Physiological conditions in embryo culture: reduction of the amount of oxygen in the incubator
Improving embryo culture by mimicking the conditions generated during in vivo culture is a key contributor towards improving success rates in couples who turn to in vitro fertilisation in order to solve their sterility issue.
In vitro culture of human embryos has traditionally been carried out in incubators in a controlled atmosphere at 6% CO2 and 21% O2. However, based on studies carried out on different species of mammals, we know that these conditions do not match those found in vivo in the fallopian tubes and the uterus where oxygen tension ranges between 2 and 8%.
This supraphysiological concentration of oxygen has been associated with a possible negative impact on embryo development and the end result sought during assisted reproduction technology (ART) due to the formation of reactive oxygen species (ROS).

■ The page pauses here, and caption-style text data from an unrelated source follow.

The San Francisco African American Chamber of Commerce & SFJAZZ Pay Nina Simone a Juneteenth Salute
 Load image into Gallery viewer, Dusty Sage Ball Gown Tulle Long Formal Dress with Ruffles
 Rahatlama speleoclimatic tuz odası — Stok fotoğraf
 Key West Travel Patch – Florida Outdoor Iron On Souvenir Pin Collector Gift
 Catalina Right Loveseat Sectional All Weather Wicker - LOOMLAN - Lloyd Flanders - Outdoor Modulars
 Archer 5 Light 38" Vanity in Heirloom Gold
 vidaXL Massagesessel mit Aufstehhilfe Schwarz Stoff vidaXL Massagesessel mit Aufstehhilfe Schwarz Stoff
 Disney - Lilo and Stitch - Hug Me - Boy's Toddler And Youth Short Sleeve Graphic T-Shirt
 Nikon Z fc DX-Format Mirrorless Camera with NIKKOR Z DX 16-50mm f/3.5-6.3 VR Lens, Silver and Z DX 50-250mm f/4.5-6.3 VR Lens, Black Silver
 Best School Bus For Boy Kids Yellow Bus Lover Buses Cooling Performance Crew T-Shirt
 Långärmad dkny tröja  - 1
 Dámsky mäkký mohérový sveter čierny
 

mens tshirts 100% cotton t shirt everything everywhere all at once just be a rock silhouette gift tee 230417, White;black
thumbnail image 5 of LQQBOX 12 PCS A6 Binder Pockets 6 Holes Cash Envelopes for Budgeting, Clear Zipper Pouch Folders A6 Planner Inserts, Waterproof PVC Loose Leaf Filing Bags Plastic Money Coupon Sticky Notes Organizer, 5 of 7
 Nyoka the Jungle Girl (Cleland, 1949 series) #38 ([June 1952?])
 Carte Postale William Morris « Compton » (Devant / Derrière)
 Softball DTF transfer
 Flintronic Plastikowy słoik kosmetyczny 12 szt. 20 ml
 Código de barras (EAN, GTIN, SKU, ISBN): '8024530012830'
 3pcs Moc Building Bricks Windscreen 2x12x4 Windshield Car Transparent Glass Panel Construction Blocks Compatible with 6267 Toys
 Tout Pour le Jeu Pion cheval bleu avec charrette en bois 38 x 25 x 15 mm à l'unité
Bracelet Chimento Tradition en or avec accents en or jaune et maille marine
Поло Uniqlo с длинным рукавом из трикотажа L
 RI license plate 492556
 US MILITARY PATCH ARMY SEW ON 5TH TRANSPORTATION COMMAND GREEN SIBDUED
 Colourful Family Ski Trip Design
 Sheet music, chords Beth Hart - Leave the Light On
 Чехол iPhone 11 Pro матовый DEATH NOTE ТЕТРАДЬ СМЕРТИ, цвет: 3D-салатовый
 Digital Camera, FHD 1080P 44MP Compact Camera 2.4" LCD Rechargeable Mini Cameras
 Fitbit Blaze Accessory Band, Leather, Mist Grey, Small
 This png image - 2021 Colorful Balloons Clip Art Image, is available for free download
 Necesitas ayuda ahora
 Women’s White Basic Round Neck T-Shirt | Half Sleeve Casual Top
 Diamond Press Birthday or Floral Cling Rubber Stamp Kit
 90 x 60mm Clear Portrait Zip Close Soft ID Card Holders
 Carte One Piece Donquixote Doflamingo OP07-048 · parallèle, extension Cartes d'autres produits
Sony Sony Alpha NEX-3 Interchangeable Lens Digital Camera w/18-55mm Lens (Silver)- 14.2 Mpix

This supraphysiological concentration of oxygen has been associated with a possible negative impact on embryo development and abnormalities in gene expression due to the formation of reactive oxygen species (ROS).
ROS are molecules derived from O2. They act as strong oxidant agents that can alter the function and structure of many molecules that could then potentially compromise the viability of the embryo.
There is evidence to suggest that a reduction in ROS in the environment surrounding the embryo could potentially lead to an improvement in ART results. The proposed strategy for preventing the formation of harmful agents of this kind consists of culture in incubators designed specially in order to maintain partial pressure at 5%, or even lower, in an attempt to mimic in vivo conditions. In doing so, it has been possible to reduce ROS levels in the laboratory and improve embryo quality and, in short, increase pregnancy rates.